Côtes-du-Rhône (Grenache/Syrah), Bout d’Zan, Mas de Libian, 2019, France
The Thibon family first acquired the Libian property in 1670. Wine has been the primary focus of the estate since 1970, but the grounds are still planted to 8 hectares of olive trees, flowers and other crops. This helps maintain biodiversity in the biodynamically farmed vineyards on the estate. The property is currently lead by three female generations of the Thibon family and the quality of the wines has never been better. This blend of 75% Grenache and 25% Syrah is fermented in concrete and aged for 9 months in large, neural oak barrels. This bottling has the hallmark floral and spice notes of great Côtes-du-Rhône; however, it is set apart by its delicate and crunchy red-berry flavored fruit. This is our current go-to wine for BBQing!
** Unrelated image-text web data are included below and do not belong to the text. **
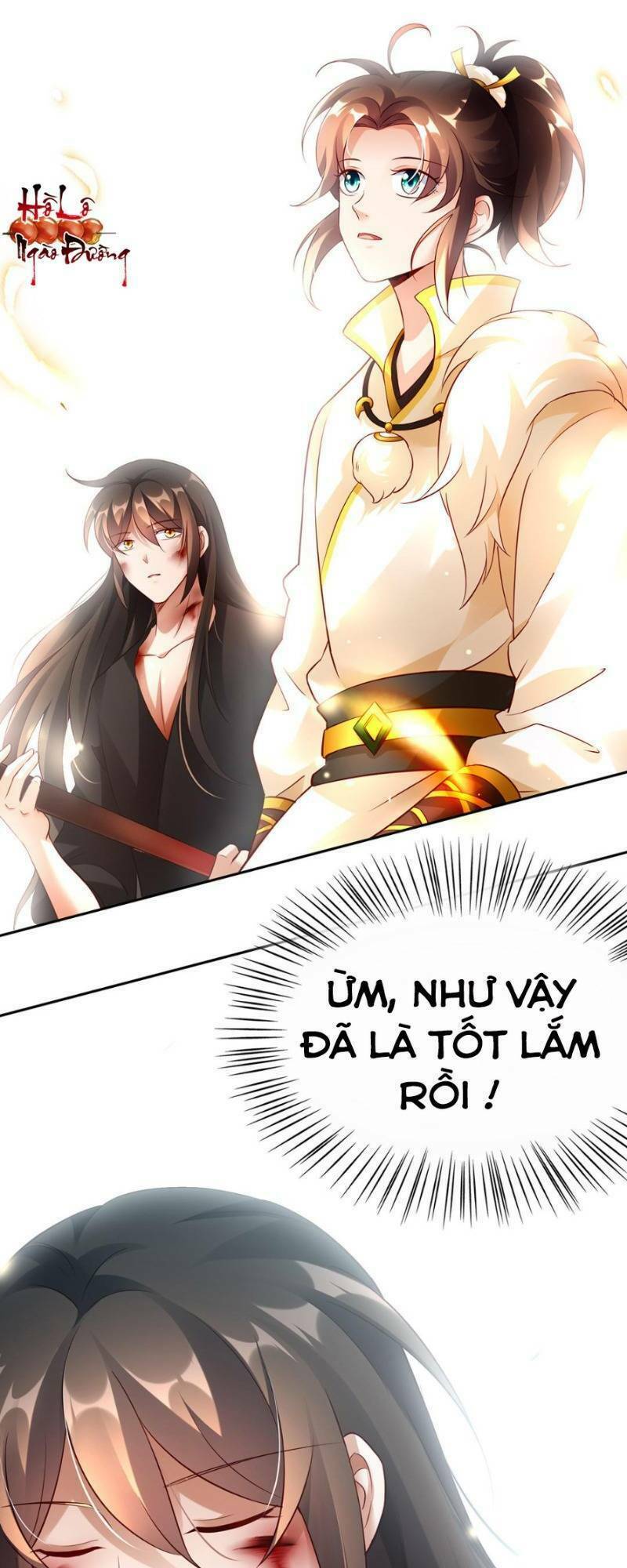 thiên kim bất hoán chapter 45 40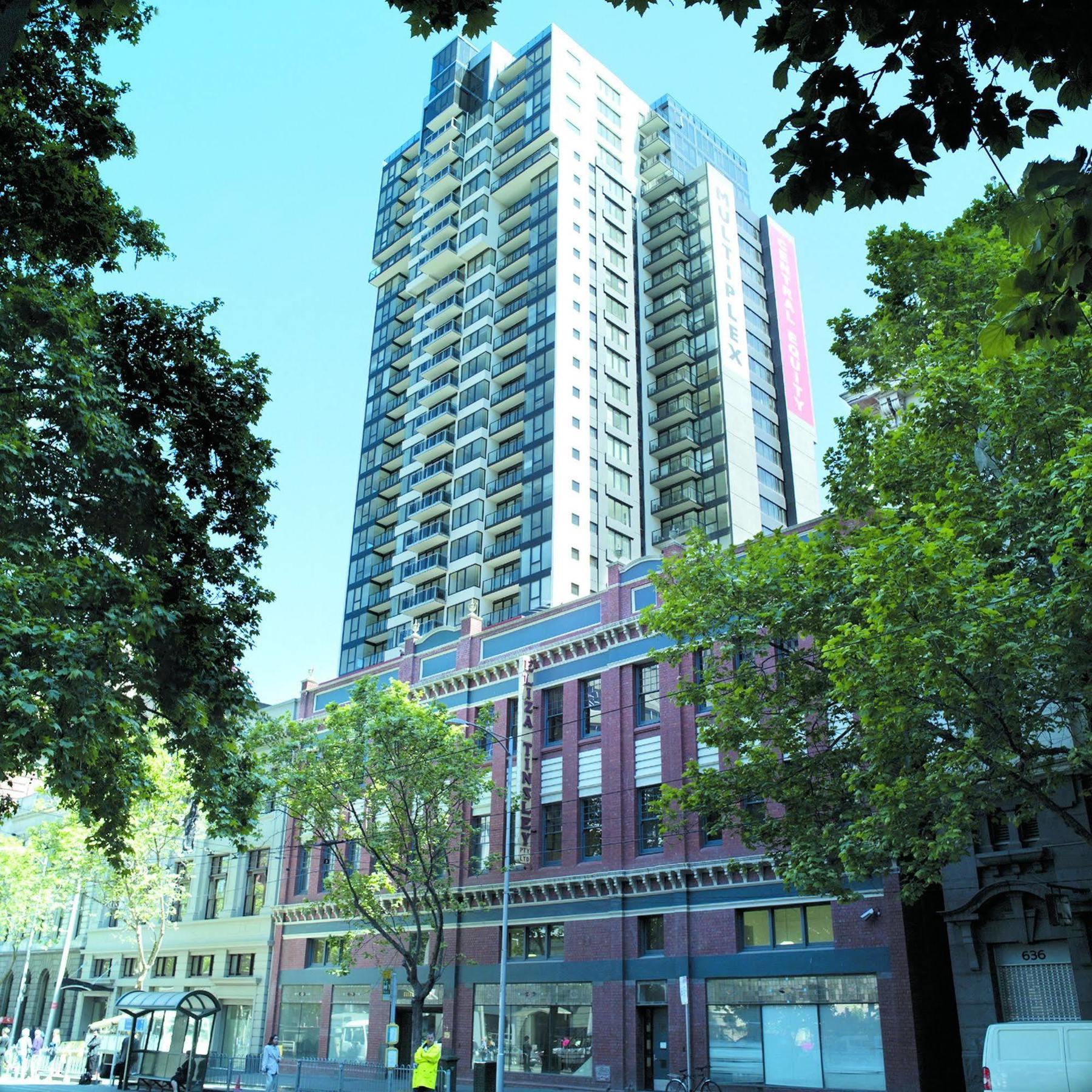 Apartment City Point Suite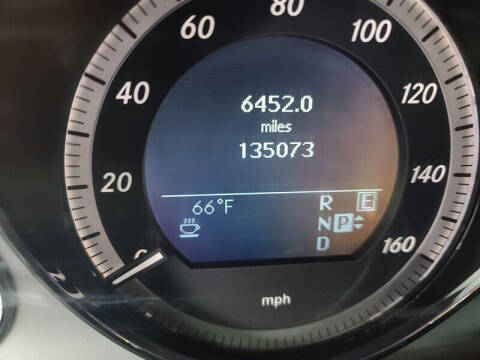 2011 Mercedes-Benz E-Class E 350 Luxury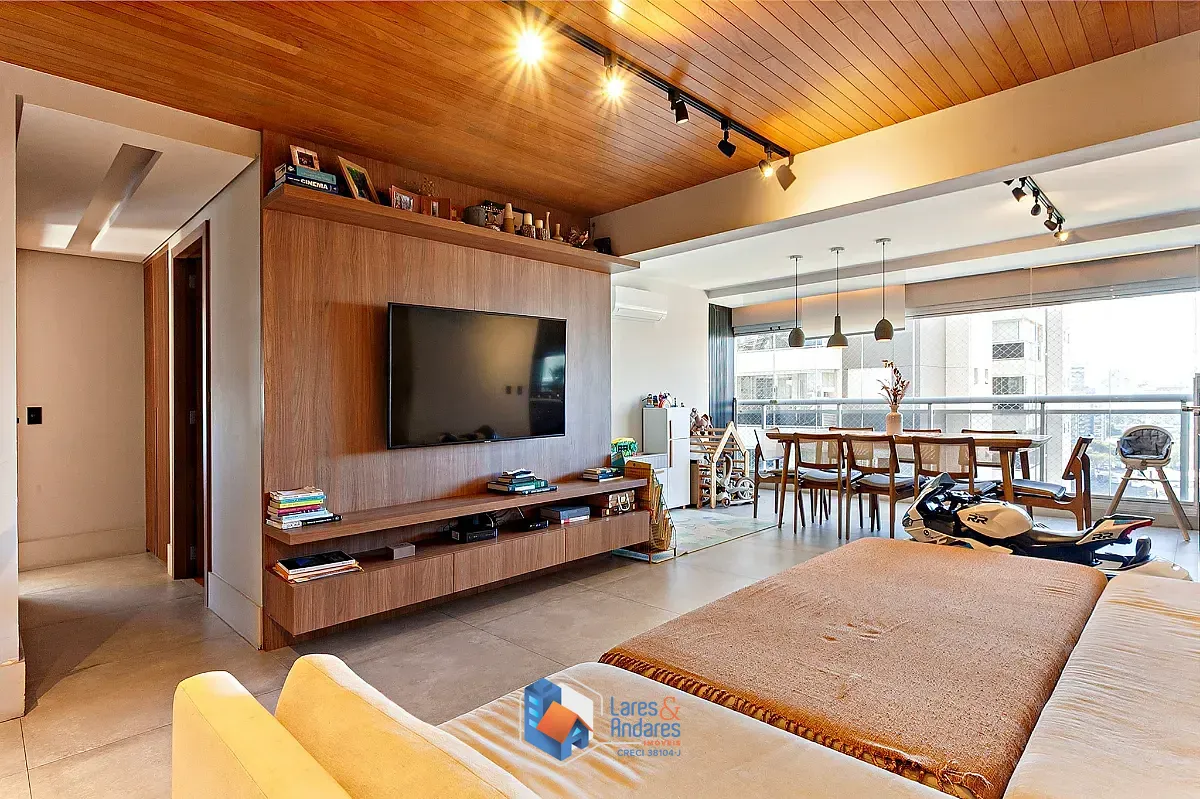 Apartamento, 2 quartos, 108 m² - Foto 3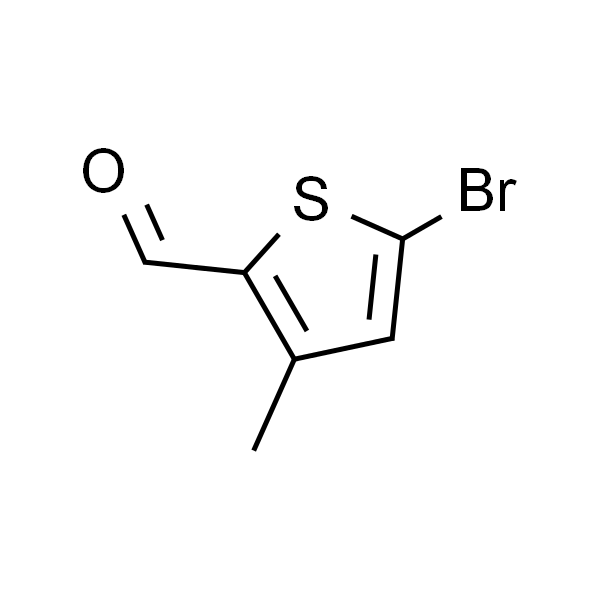 5-Bromo-3-methylthiophene-2-carbaldehyde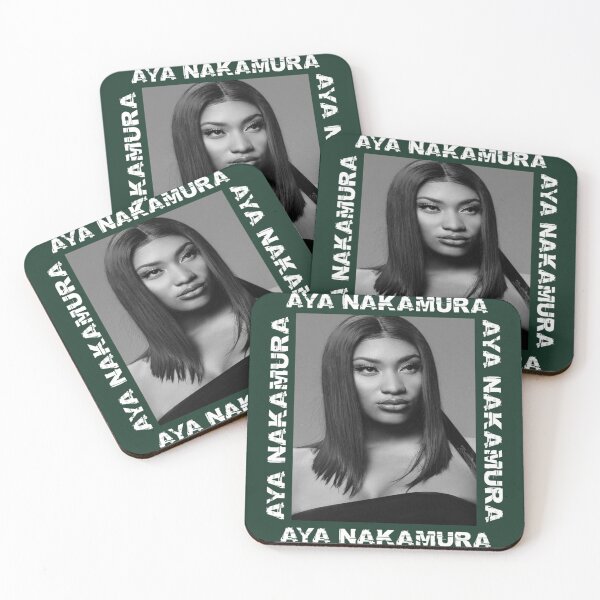 Item preview, AYA NAKAMURA  classique      designed and sold by Colorsstudio.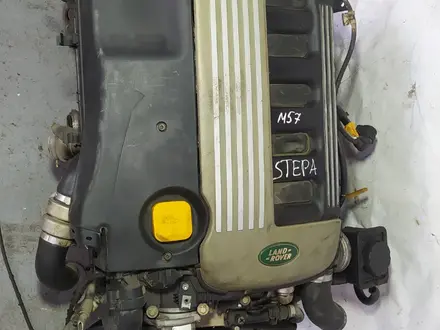 Двигатель M57 d30 дизель BMW X5 Range Rover L322 за 600 000 тг. в Караганда – фото 4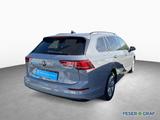 Volkswagen Golf VIII Variant 1.5 eTSI DSG LIFE HUD ACC NAVI - VW Golf Gebrauchtwagen in Braunschweig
Salento Rosso (Negroamaro), Notarpanaro, Cosimo Taurino, 2010, Puglia, Italy
Over the last two decades the wine world has become much smaller and tiny regions and producers are able to enter into markets that previously would have been closed. Overall this is very positive, but it does mean that it is increasingly difficult to find those “hidden gems” which present really high quality as well a tremendous value. The Cosimo Taurino winery was founded in 1970 in the Salento region of Puglia (the heel of Italy’s boot). Primitivo (or Zinfandel in America) is the most famous grape from the region but Negroamaro has a long history of making balanced, food friendly and age-worthy wines. This bottling is sourced from the Notarpanaro vineyard which contains 40-year-old vines. The wine spends about 6 months aging in French oak, but after bottling it spends many years aging in the wineries cellars so that it can slowly mature and be ready to drink on release. The 2010 in its prime drinking window and smells of stewed berries, wet leaves and terra cotta. Enjoy with roasted meats of hearty pasta!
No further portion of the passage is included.